## [WORK INSTRUCTIONS]
Copy, word for word, the lines of the entries below between the one with "Canon EOS-1D X" and the one with "Tulips of colorful", inclusive, and leave out everything else.

## [DATA TO USE]
■ ■ ■ ■

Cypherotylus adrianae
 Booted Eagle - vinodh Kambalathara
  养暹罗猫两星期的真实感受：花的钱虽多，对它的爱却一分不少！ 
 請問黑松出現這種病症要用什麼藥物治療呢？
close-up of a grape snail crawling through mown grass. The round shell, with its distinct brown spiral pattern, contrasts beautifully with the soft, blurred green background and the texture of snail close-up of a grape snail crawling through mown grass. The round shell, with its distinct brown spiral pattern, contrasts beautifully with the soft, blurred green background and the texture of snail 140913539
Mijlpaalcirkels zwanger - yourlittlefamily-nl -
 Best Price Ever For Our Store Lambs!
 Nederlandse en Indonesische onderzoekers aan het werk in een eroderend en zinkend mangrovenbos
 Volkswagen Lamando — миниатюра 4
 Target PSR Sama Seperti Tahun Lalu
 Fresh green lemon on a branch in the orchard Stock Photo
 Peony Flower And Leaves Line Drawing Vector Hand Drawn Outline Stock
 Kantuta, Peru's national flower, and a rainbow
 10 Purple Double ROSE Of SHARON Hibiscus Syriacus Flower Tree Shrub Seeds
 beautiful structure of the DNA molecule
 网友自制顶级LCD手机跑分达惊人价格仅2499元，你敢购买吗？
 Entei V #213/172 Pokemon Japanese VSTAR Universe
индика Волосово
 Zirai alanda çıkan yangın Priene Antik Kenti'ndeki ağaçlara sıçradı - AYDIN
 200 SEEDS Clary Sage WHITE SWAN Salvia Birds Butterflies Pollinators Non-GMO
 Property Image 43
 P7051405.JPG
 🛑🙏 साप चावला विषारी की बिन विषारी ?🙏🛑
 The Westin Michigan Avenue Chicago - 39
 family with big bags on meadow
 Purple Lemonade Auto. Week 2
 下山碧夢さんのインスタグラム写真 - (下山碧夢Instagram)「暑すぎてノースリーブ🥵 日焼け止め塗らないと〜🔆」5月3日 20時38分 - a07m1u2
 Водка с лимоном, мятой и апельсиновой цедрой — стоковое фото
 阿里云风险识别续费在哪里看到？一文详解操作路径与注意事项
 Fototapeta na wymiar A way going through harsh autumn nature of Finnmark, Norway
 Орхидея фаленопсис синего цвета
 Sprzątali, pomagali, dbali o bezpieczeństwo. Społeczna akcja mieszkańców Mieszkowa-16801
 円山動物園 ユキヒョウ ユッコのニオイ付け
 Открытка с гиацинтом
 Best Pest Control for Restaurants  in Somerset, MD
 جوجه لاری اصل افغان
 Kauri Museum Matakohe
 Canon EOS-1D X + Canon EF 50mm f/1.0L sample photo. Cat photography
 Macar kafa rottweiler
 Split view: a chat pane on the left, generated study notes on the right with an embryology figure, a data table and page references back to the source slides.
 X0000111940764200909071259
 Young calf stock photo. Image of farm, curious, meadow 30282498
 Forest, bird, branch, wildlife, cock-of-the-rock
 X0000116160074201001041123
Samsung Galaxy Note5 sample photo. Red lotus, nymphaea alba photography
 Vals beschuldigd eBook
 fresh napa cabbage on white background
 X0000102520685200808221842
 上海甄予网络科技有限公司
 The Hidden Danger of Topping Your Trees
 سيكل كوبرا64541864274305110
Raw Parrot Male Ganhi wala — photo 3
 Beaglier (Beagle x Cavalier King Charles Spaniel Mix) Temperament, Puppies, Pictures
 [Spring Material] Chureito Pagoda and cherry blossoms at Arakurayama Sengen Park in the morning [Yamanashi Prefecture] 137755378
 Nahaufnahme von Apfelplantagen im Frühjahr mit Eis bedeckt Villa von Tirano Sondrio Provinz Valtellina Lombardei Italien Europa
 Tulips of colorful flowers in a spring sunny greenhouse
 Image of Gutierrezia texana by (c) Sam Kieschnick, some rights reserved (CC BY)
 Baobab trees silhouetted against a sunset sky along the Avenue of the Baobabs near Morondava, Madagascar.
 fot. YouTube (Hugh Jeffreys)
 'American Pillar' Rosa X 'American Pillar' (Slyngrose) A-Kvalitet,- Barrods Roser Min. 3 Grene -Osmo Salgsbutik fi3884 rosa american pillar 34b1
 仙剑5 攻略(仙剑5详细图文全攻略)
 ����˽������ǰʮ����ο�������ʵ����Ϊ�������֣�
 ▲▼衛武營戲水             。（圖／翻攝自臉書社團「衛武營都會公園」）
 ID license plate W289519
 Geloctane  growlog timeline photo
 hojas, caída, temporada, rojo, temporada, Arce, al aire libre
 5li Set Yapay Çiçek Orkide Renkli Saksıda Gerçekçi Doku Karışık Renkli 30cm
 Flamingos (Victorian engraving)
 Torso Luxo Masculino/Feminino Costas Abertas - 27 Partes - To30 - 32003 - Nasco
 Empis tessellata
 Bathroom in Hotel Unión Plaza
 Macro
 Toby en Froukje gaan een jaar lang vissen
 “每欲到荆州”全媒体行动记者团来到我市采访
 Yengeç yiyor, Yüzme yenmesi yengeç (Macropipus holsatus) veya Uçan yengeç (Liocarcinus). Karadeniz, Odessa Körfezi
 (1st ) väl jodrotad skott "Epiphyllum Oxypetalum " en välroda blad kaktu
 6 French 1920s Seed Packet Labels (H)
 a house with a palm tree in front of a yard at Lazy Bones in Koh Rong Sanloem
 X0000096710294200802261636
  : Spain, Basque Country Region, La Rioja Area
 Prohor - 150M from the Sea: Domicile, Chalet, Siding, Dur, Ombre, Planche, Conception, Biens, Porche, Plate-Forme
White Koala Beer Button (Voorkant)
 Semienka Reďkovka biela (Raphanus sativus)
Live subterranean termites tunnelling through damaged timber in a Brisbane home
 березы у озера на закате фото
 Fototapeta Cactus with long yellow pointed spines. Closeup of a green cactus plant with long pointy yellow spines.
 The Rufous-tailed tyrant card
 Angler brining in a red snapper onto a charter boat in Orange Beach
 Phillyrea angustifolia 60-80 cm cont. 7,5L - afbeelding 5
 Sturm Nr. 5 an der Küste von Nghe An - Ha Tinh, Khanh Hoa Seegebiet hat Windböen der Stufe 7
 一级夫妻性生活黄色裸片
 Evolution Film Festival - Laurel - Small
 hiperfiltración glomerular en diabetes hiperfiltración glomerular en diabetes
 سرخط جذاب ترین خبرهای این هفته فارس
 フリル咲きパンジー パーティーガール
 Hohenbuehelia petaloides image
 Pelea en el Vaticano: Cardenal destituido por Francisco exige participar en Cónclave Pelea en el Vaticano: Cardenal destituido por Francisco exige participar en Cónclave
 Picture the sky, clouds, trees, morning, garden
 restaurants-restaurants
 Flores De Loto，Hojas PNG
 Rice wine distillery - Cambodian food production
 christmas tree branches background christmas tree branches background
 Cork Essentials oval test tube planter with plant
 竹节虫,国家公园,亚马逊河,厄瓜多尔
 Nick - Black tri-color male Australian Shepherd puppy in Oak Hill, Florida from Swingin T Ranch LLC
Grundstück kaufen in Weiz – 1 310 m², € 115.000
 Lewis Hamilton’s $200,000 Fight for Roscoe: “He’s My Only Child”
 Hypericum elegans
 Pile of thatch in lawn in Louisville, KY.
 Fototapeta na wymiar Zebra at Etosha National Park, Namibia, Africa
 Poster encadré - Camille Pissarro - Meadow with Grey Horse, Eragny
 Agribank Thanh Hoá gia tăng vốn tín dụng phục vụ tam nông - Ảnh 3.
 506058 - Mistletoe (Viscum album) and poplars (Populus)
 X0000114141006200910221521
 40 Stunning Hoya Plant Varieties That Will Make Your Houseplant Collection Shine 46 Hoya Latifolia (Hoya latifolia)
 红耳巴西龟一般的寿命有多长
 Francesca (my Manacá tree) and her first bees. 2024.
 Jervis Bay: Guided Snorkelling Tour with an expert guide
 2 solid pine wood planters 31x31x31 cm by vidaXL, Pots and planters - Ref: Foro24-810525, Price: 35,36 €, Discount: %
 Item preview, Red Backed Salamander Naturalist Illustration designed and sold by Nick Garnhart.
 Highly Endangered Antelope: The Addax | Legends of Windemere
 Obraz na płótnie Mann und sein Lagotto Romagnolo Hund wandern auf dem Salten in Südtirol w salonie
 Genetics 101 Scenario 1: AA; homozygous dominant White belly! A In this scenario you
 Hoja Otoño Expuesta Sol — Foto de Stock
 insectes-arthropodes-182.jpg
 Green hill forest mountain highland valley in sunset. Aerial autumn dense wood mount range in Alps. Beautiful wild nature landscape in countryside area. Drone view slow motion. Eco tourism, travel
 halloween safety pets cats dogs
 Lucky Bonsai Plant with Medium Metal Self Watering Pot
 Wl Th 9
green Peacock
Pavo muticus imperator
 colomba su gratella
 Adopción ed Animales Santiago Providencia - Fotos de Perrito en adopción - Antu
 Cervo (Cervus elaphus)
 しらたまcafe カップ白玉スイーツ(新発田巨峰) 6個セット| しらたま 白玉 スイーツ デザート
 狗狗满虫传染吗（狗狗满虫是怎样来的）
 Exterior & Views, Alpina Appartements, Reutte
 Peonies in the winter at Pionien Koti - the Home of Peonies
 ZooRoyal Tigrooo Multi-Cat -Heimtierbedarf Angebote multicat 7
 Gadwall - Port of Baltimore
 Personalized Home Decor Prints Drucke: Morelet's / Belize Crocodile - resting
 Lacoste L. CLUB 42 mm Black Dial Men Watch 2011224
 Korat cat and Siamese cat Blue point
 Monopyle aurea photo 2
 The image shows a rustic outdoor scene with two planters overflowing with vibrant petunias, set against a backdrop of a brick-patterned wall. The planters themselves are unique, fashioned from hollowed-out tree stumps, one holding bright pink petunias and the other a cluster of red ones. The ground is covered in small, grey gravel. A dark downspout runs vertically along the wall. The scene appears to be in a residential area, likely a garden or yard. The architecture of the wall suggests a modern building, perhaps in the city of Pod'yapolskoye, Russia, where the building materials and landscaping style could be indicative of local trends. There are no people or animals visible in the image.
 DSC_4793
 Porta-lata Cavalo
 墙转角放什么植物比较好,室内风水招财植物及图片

■ ■ ■ ■

## [RESPONSE AREA]
 Canon EOS-1D X + Canon EF 50mm f/1.0L sample photo. Cat photography
 Macar kafa rottweiler
 Split view: a chat pane on the left, generated study notes on the right with an embryology figure, a data table and page references back to the source slides.
 X0000111940764200909071259
 Young calf stock photo. Image of farm, curious, meadow 30282498
 Forest, bird, branch, wildlife, cock-of-the-rock
 X0000116160074201001041123
Samsung Galaxy Note5 sample photo. Red lotus, nymphaea alba photography
 Vals beschuldigd eBook
 fresh napa cabbage on white background
 X0000102520685200808221842
 上海甄予网络科技有限公司
 The Hidden Danger of Topping Your Trees
 سيكل كوبرا64541864274305110
Raw Parrot Male Ganhi wala — photo 3
 Beaglier (Beagle x Cavalier King Charles Spaniel Mix) Temperament, Puppies, Pictures
 [Spring Material] Chureito Pagoda and cherry blossoms at Arakurayama Sengen Park in the morning [Yamanashi Prefecture] 137755378
 Nahaufnahme von Apfelplantagen im Frühjahr mit Eis bedeckt Villa von Tirano Sondrio Provinz Valtellina Lombardei Italien Europa
 Tulips of colorful flowers in a spring sunny greenhouse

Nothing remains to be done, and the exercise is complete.